问题
I'm trying to compute parity together with the floor of the half, over natural numbers:
data IsEven : Nat -> Nat -> Type where
Times2 : (n : Nat) -> IsEven (n + n) n
data IsOdd : Nat -> Nat -> Type where
Times2Plus1 : (n : Nat) -> IsOdd (S (n + n)) n
parity : (n : Nat) -> Either (Exists (IsEven n)) (Exists (IsOdd n))
I tried going with the obvious implementation of parity:
parity Z = Left $ Evidence _ $ Times2 0
parity (S Z) = Right $ Evidence _ $ Times2Plus1 0
parity (S (S n)) with (parity n)
parity (S (S (k + k))) | Left (Evidence _ (Times2 k)) =
Left $ rewrite plusSuccRightSucc k k in Evidence _ $ Times2 (S k)

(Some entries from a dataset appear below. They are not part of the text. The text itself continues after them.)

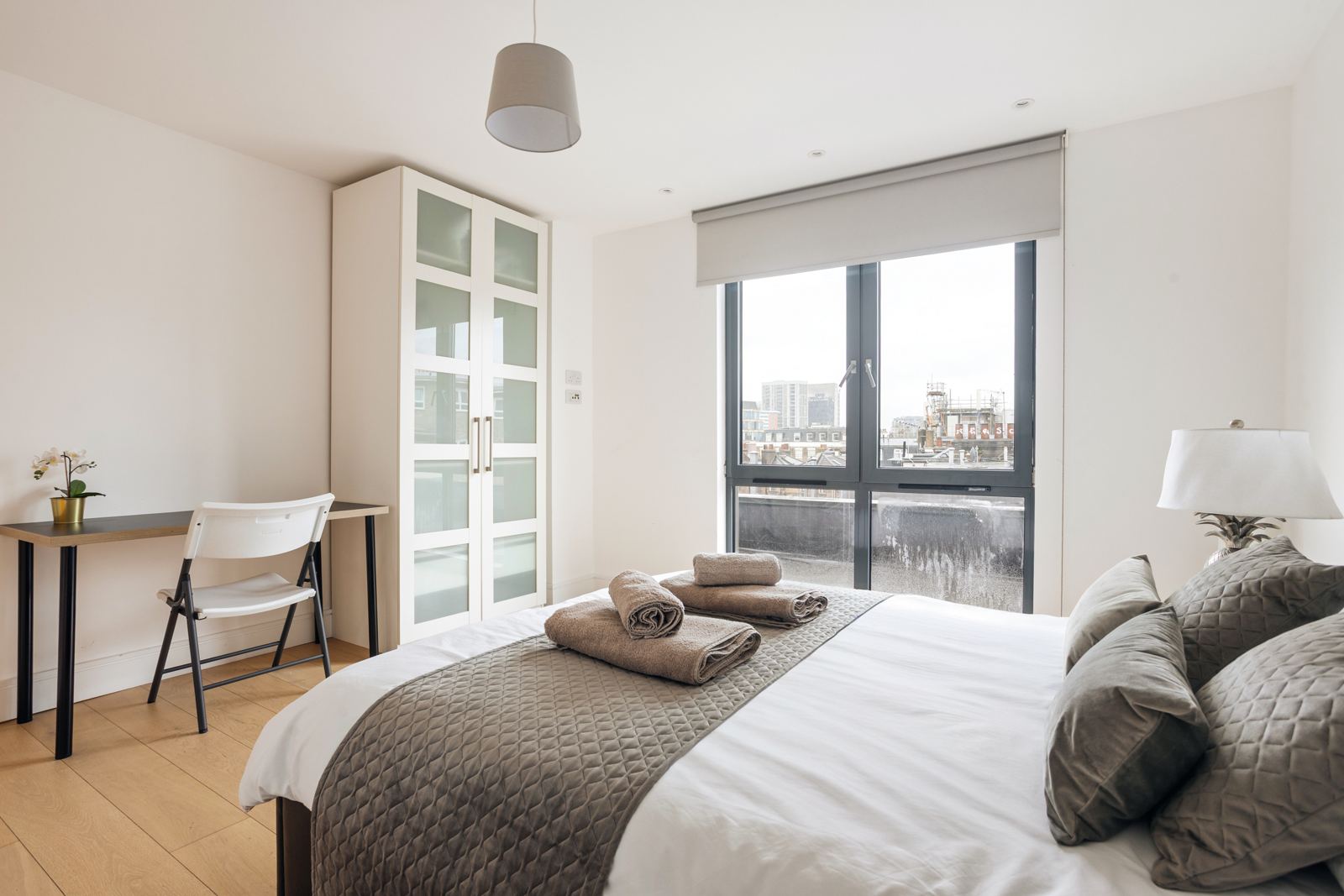 Bedroom with desk and rooftop view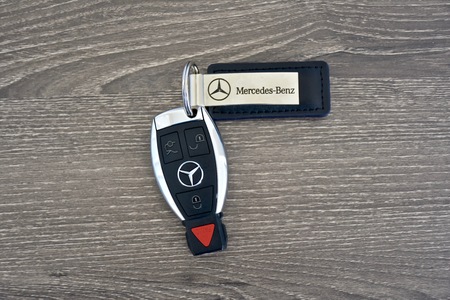MARYLAND, USA - APRIL 10, 2016: A Mercedes-Benz key fob laying on a wood surface. Mercedes-Benz is a luxury car manufacturer and dealer.のeditorial素材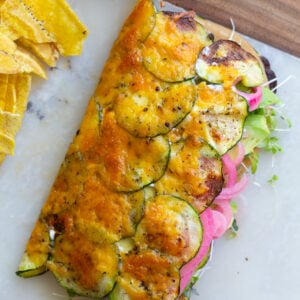 cheesy zucchini wrap stuffed with vegan meat, red onion, avocado and tomato. The wrap is on a plate with chips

parity (S (S (S ((k + k))))) | Right (Evidence _ (Times2Plus1 k)) =
Right $ rewrite plusSuccRightSucc k k in Evidence _ $ Times2Plus1 (S k)
This typechecks and works as expected. However, if I try to mark parity as total, Idris starts complaining:
parity is possibly not total due to: with block in parity
The only with block I see in parity is the one with the recursive call from parity (S (S n)) to parity n, but clearly that is well-founded, since n is structurally smaller than S (S n).
How do I convince Idris that parity is total?
回答1:
It looks like a bug to me, because the following solution based on case passes the totality checker:
total
parity : (n : Nat) -> Either (Exists (IsEven n)) (Exists (IsOdd n))
parity Z = Left $ Evidence _ $ Times2 0
parity (S Z) = Right $ Evidence _ $ Times2Plus1 0
parity (S (S k)) =
case (parity k) of
Left (Evidence k (Times2 k)) =>
Left $ rewrite plusSuccRightSucc k k in Evidence _ $ Times2 (S k)
Right (Evidence k (Times2Plus1 k)) =>
Right $ rewrite plusSuccRightSucc k k in Evidence _ $ Times2Plus1 (S k)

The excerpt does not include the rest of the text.